My grandma called my mother last week and said "so, I hear Marie is visiting."

Laughing at the absurdity of this situation is permitted and encouraged.

Running: 22 days ago I ran 13.1 miles. Today I ran 3 and that was plenty.

Control: Turns out that my job more than fills my control quota. I used to like doing everything for everyone. I told myself that I was being generous but I was being controlling. If you do it all, you do it all exactly how you want to do it.

Not so much anymore. When I am away from work, I am done. Done. I don't want to make dinner reservations. I don't want to coordinate the family Christmas gift exchange. And I sure as hell don't want to run my soccer team. (Although I am.) I will show up when you tell me to show up, but I would really like you to tell me when to show up. I'm getting my fill of being the boss, thankyouverymuch.

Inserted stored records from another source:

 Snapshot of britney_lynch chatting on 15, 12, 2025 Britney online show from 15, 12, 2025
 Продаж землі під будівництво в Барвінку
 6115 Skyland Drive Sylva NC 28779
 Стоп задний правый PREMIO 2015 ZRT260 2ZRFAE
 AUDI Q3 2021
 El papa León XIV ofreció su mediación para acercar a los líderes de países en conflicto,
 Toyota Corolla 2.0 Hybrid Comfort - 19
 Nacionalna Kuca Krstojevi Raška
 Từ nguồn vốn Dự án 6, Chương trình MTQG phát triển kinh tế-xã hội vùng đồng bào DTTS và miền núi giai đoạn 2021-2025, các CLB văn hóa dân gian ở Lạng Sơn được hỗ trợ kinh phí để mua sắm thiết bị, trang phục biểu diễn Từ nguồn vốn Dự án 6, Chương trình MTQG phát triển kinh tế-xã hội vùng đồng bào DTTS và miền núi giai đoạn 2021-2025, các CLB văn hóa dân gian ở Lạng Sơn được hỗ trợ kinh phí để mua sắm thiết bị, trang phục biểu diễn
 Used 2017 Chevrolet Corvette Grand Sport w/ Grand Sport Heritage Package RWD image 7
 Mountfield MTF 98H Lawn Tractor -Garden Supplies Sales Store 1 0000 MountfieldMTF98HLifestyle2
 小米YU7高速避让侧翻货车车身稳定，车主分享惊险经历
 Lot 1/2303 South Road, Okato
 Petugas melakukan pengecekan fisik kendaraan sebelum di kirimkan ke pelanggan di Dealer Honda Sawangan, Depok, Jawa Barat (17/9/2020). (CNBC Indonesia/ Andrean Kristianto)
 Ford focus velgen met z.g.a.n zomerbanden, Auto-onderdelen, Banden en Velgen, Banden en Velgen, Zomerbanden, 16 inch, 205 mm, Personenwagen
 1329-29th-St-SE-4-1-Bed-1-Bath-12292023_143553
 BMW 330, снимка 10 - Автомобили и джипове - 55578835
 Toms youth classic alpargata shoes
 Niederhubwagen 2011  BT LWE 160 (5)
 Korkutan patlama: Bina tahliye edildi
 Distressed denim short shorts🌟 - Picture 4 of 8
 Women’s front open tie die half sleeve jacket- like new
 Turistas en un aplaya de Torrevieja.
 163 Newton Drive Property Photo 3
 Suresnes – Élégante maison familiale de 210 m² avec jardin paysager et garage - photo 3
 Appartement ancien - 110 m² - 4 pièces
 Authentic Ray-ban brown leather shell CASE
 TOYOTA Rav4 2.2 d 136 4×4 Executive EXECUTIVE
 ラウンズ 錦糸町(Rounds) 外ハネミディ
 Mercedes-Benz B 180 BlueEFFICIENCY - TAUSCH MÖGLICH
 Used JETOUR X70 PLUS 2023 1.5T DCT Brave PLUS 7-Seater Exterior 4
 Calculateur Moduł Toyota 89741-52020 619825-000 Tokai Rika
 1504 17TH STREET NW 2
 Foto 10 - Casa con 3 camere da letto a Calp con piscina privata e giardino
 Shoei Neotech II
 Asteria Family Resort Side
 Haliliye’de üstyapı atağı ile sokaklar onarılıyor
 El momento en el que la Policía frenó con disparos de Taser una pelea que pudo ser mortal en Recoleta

Blogging: I've been better, haven't I? Nothing is turning out quite how I want it. I am glad that I am still writing but I am not enamored with what I am writing. My stories feel forced. My thoughts are scattered. I have been a better blogger. But blogging, for me, is very cyclical. It will get easier. And way less bad.  

2 comments:

Kari said...

Have you tried going to yoga on Sunday? I think Sunday headaches might be related to work on Monday?
At least you/your family aren't taking Aunt Marie on outings..or moving her so she can "see" the TV (yes someone I know does this....the urn is often at the dinner table in that house...)
Now that you have committed yourself to going to Brazil -- time to start figuring out how to make it a truly fun vacation for you (ie making sure you do what you want to do, not just what the others want to do).

A said...

I haven't gone to yoga on Sunday and it's a brilliant idea! Thank you! I have the time on Sundays now (no more Sunday soccer until the springtime) and I need to get back into taking yoga more regularly. You are such a smartie.

We're very rude and did not invite Aunt Marie to dinner or take her shopping during her vacation to my mom's house. (I don't think I even touched the urn, to be honest.)